Simply put, normal children of divorced or separated parents want their parents:
- not to make custody a turf war.
- Honor your children’s right to a strong loving and trusting, relationship with each of their parents. Divorce or separation does not initiate a popularity contest and zero-sum game between parents for the affection and loyalty of their children. Don’t make or try to make your kids feel guilty for looking forward to and enjoying the time they get to spend with the other parent.
- if they can, to live close enough to each other that the children can go to and from school easily, play with the same friends, and get to and enjoy their activities regardless of which parent they may be living with at the time. Children hate it when their parents live so far away that they can’t make friends in both neighborhoods or when they end up missing out on an activity or being able to play in a game (because they are in that neighborhood every other week or every few days).
- to provide consistency in following the schedule, so that they know they are important enough to you that you keep your “appointments” with them each week, so that they know on a regular basis where they are going to be.
- don’t enforce 50–50 custody so rigidly as to drown the benefits of 50–50 custody in the demands of “perfect” 50–50 custody at all times. Both parents need to be flexible and subordinate “my time with the kids” to what the kids need from the schedule.
- (even though the children will claim otherwise) to observe certain basic rules, expectations, and routines across both parents’ households, so that the children receive the benefit of consistency and are not burdened with having to switch into “Dad’s house mode” and then “Mom’s house mode” at every custody exchange.
- to provide them with a place they feel “at home” in. This doesn’t mean that kids are catered to like royalty (spoiled kids are ruined kids), but they can’t be treated as an afterthought. Make sure you prepare their meals. If you can afford it, get a residence with their own rooms (not a sleeping bag rolled out on the living room floor). Have at both parents’ respective homes, the things they need, so that they aren’t having to lug their clothing and toiletries and other things back and forth between homes.
- essentially to “speak well of the other parent or don’t speak of them at all.” It’s draining for children to have to listen to a parent bad-mouthing the other parent all the time. Treating one’s children as a captive audience who must listen to the disparaging rants is a masturbatory level of self-absorption. Children know—whether expressly or implicitly—that a little of you and the other parent are both a part of them; if you tell your children that Mom or Dad is evil or worthless, you’re telling the kids that a part of them is evil and worthless too.

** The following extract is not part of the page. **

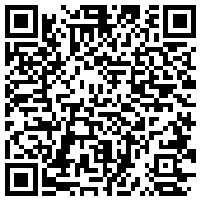 QR Code for bitcoin:bitcoin:bitcoin:bitcoin:bitcoin:bitcoin:dash:XhtpbAYBnw2Z3ERExaafeRkGmAq2YM1GZ4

- That stated, this does not mean you must speak well of a bad parent to your children, especially when doing so would be lying to them or misleading them to believe they are safe in the care and custody of a bad (i.e., dangerous or irresponsible) parent. Still, that’s not an invitation to lambaste the bad parent to your heart’s content. If Mom/Dad abused you or the children, or is an alcoholic or drug abuser/addict, a petty crook, etc., you can tell your kids that if and when they ask. It’s not wrong to share the truth with your kids when time and circumstances are appropriate. Indeed, providing them with information they need to understand and deal with a parent safely and successfully is your obligation to your children. Telling children to love and get along with a parent who is himself/herself cantankerous and apathetic, neglectful, or cruel creates a cognitive dissonance that does a child more (and lasting) harm than good.